The Nobel laureate contends that investors need to study human nature and history, and avoid falling victim to groupthink.
February 27, 2014
By Robert Stowe England
Robert Shiller doesn’t live in a bubble. Last December the Yale University economics professor shared the 2013 Nobel Memorial Prize in Economic Sciences for his contributions to empirical analysis of asset prices. His two fellow laureates are from the University of Chicago: Eugene Fama and Lars Peter Hansen. Fama is father of the Efficient Market Hypothesis, which states that share prices always incorporate all relevant information, making it impossible to beat the market without taking on extra risk. In his 2000 book Irrational Exuberance, a classic of behavioral economics that appeared just as the tech bubble burst, Shiller showed how strongly he disagrees with Fama. The co-developer of the Standard & Poor’s Case-Shiller Home Price Indexes, which track the prices of U.S. single-family residences, also flagged the buildup to the 2007–’08 housing crash. Shiller, 67, weighed in on the wisdom of the market with Contributing Writer Robert Stowe England.

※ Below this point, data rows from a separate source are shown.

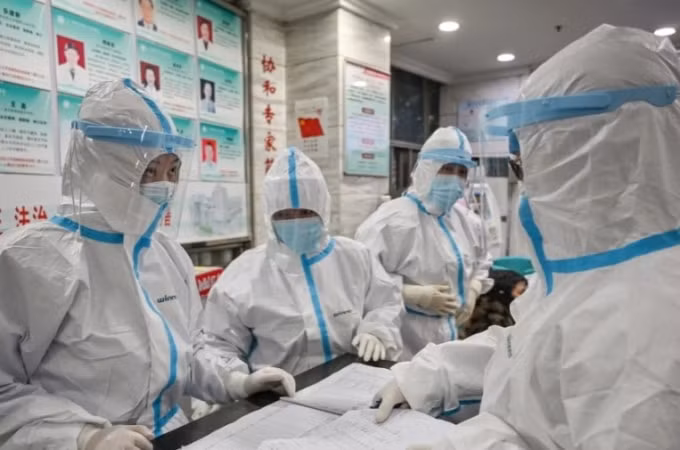 Nhóm chuyên gia của WHO dự kiến sẽ đến thăm Vũ Hán, nơi virus corona xuất hiện lần đầu tiên vào cuối năm 2019, vào ngày 14/1/2021 - Ảnh: Hector Retamal / AFP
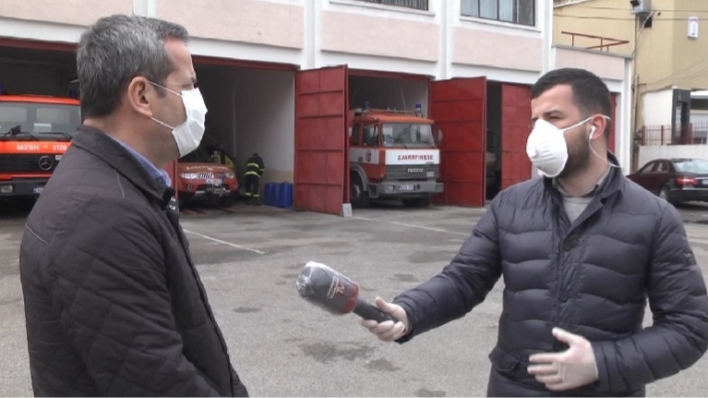 KORONAVIRUSI UL RASTET E ZJARRIT/ Zjarrfikëset angazhohen për dezinfektimin (VIDEO)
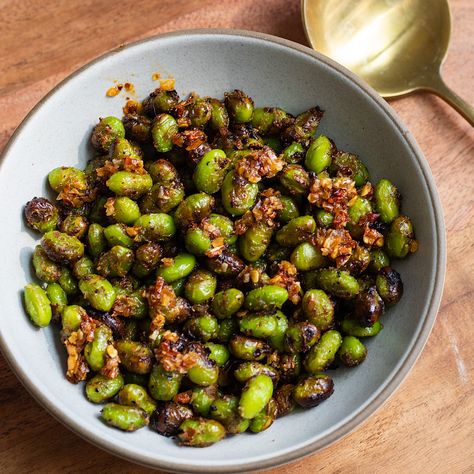 Edamame Recipes Spicy, Crispy Edamame, Protein Entrees, High Protein Vegan Snacks, Frozen Edamame, Roasted Edamame, Edamame Recipes, Hot Snacks, Salad Toppers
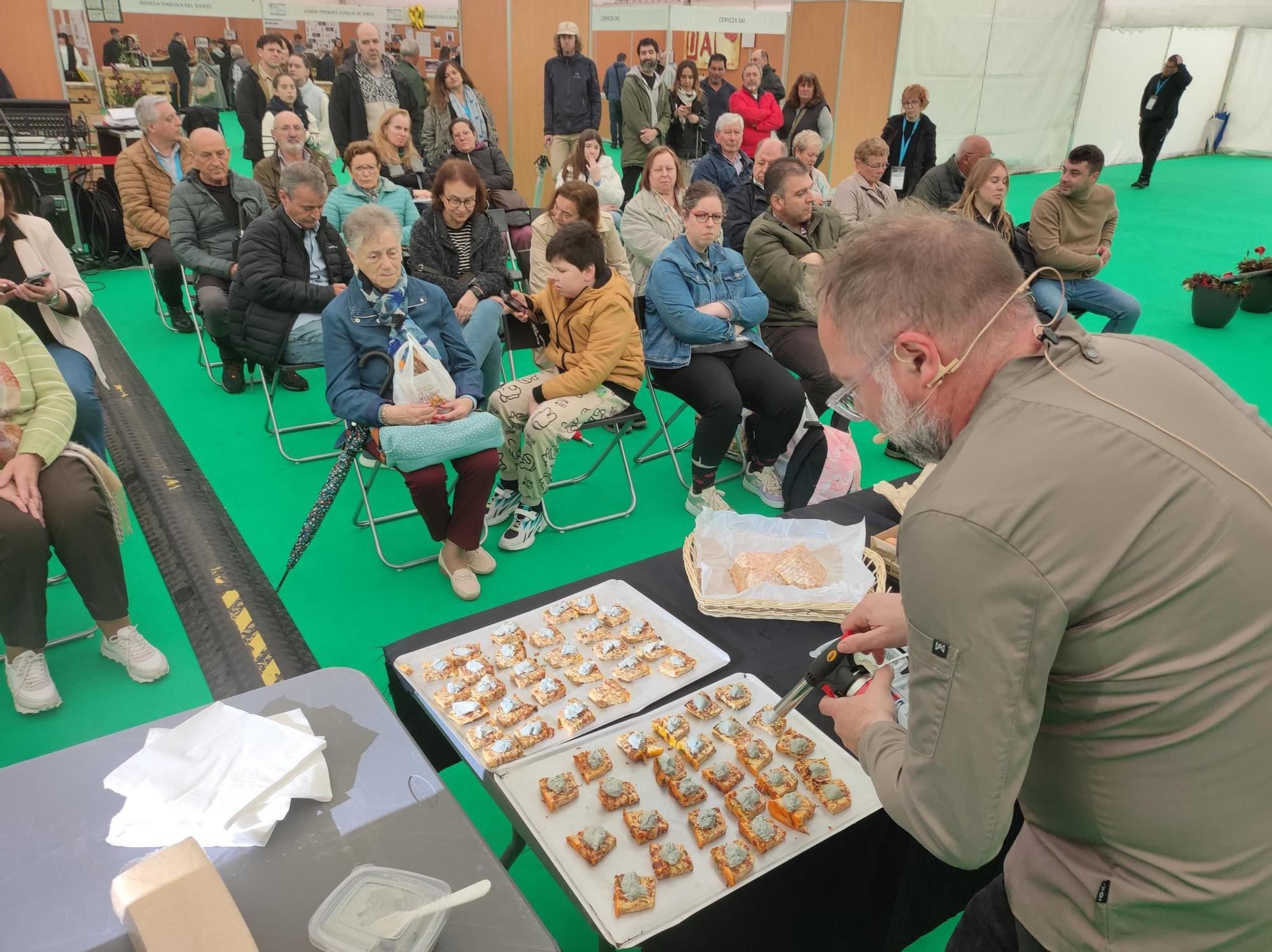 En imágenes: El chosco de Tineo y el queso cabrales se dan la mano en el broche de la 34.º Feria de Muestras de Tineo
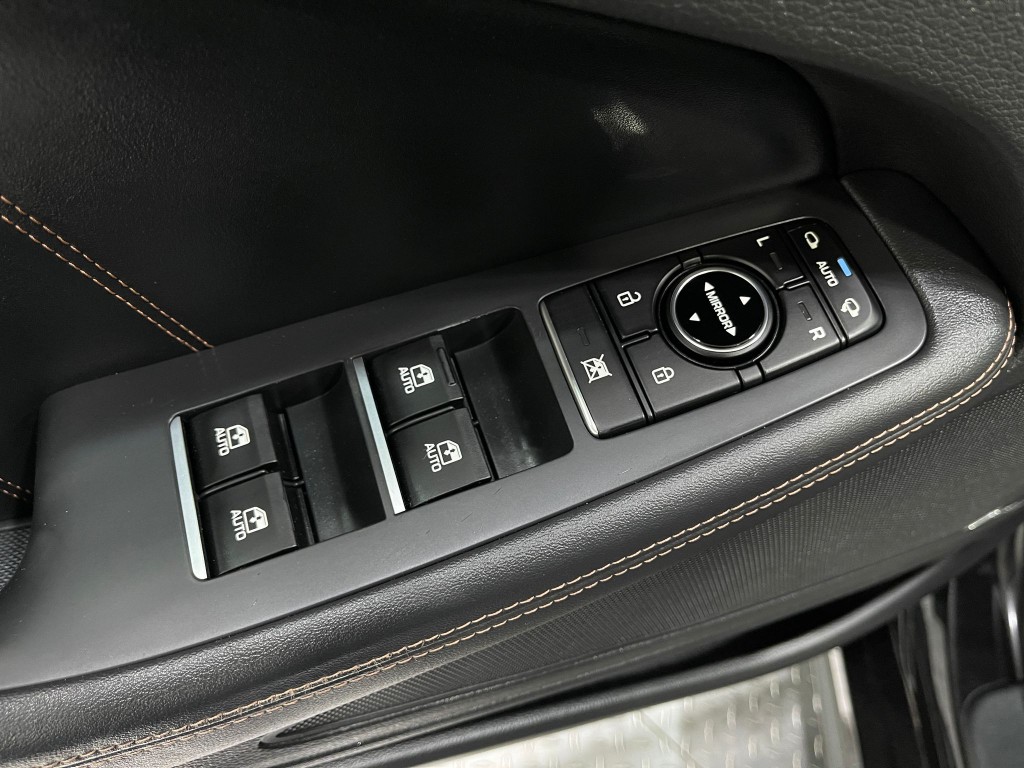 2019 Genesis G80 Image 17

Institutional Investor: Do you see any signs that asset bubbles are forming?
Shiller: The first thought I have is to be clear on what is a bubble. There hasn’t been a really precise definition that has been agreed on. When I was at Nobel Week in Sweden in December, I had repeated arguments with Gene Fama, who refers to the word “bubble” as “that nefarious term.” He’s a smart guy. I’ve always admired him. I think he can’t be completely wrong. Fama thinks of the bubble as a term used by newspaper people — I’m not quoting him exactly — to hype the news. He thinks it means that asset prices will go up exponentially. They go up every day. Day after day they go up and up and up, and bang, it pops. Then it’s all over, and it’s for the history books, and people remember it 50 years later, like they remember 1929. Of course, 1929 wasn’t quite like that because it didn’t go up steadily. And it didn’t pop completely. It took two and a half years to reach its bottom, then it rallied again. Even 1929 doesn’t fit that story. And so Fama is right: That [kind of bubble] doesn’t happen.